About this task
Using the line with "Kit Widi Care" as your starting point, transcribe it and each line beneath it word for word until the records run out, without pictures.
··· The data ···
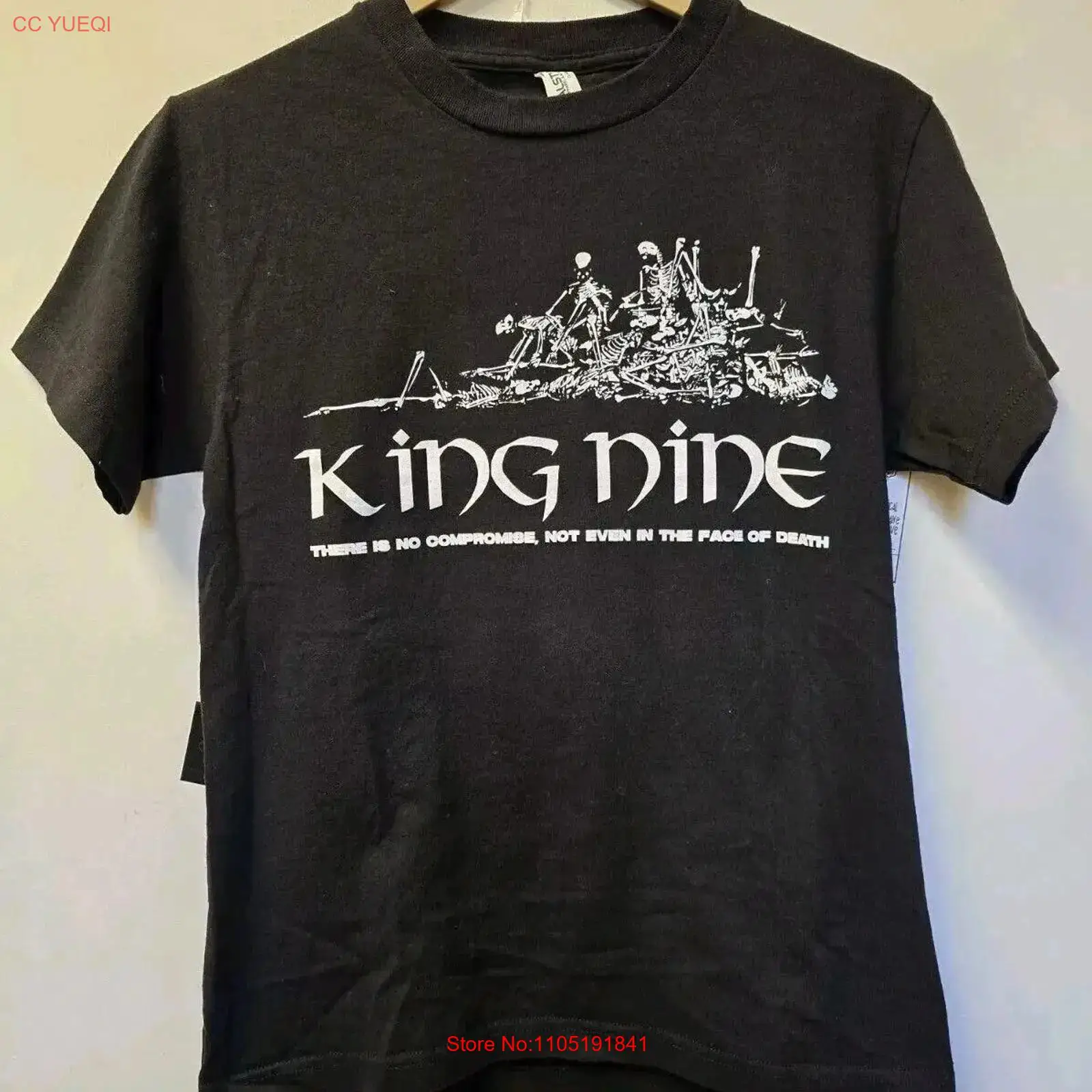 Vintage Fashion York - تي شيرت King Nine Band S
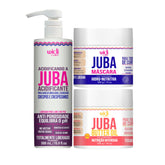 Kit Widi Care Juba - Acidificante + Máscara Hidro Nutritiva + Butter Oil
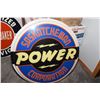 Image 1 : *30-32" Sask Power Corporation Original Sign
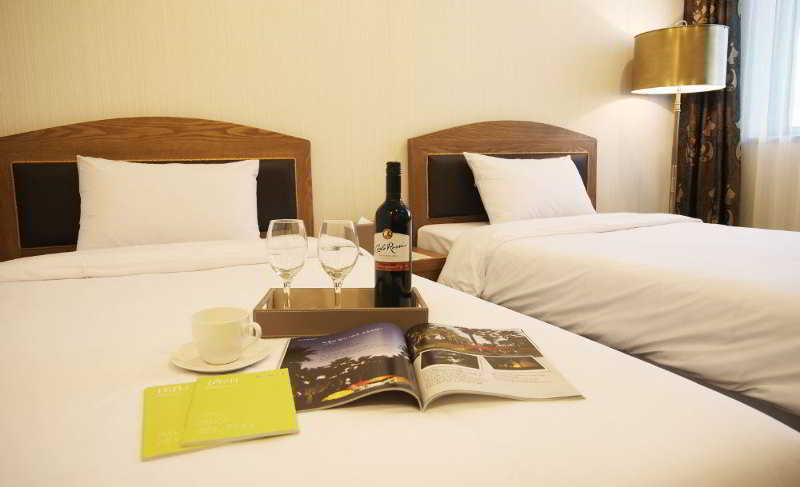 Amber Hotel Чеджудо Экстерьер фото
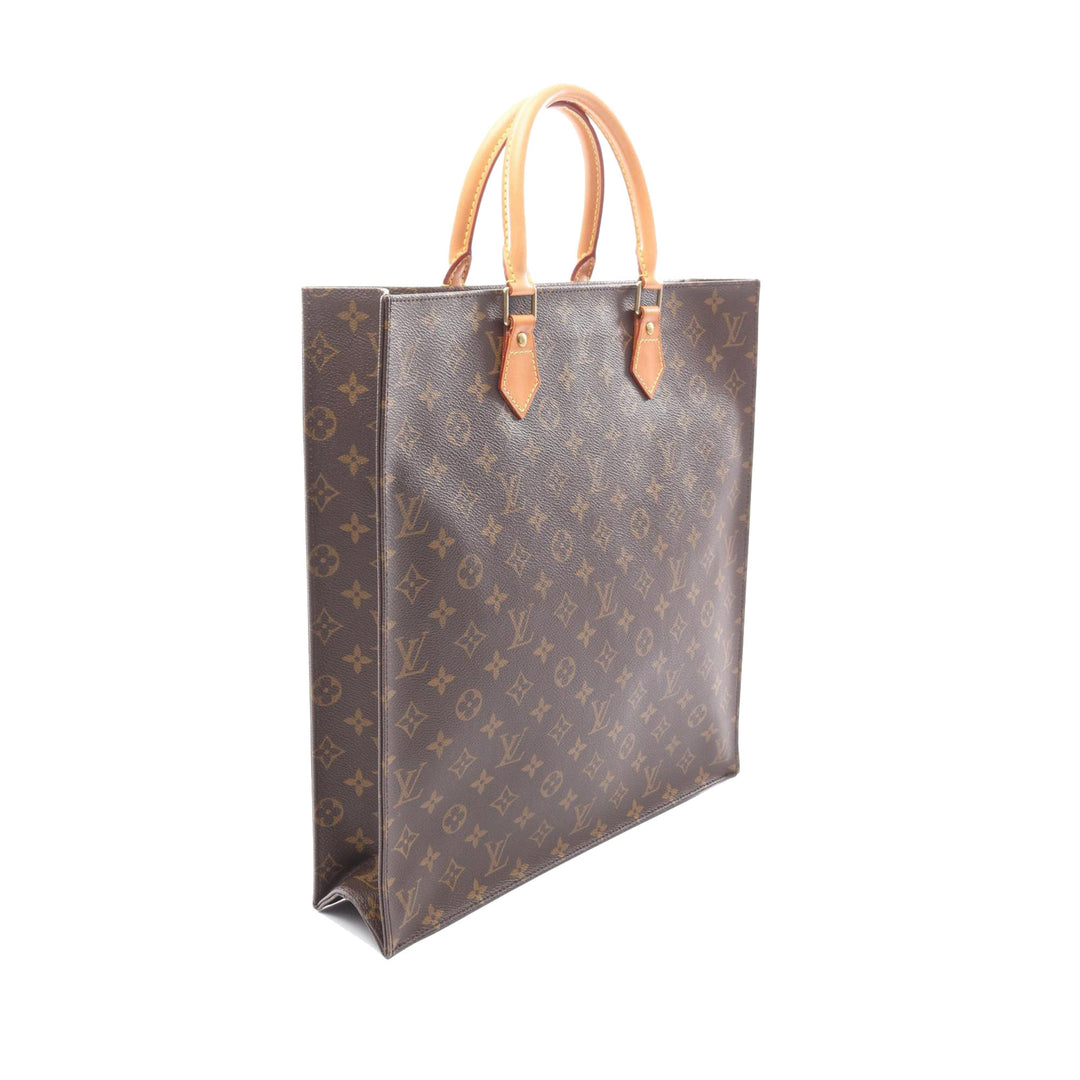 Louis Vuitton Monogram Sac Plat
···
Task result
 Kit Widi Care Juba - Acidificante + Máscara Hidro Nutritiva + Butter Oil
 Image 1 : *30-32" Sask Power Corporation Original Sign
 Amber Hotel Чеджудо Экстерьер фото
 Louis Vuitton Monogram Sac Plat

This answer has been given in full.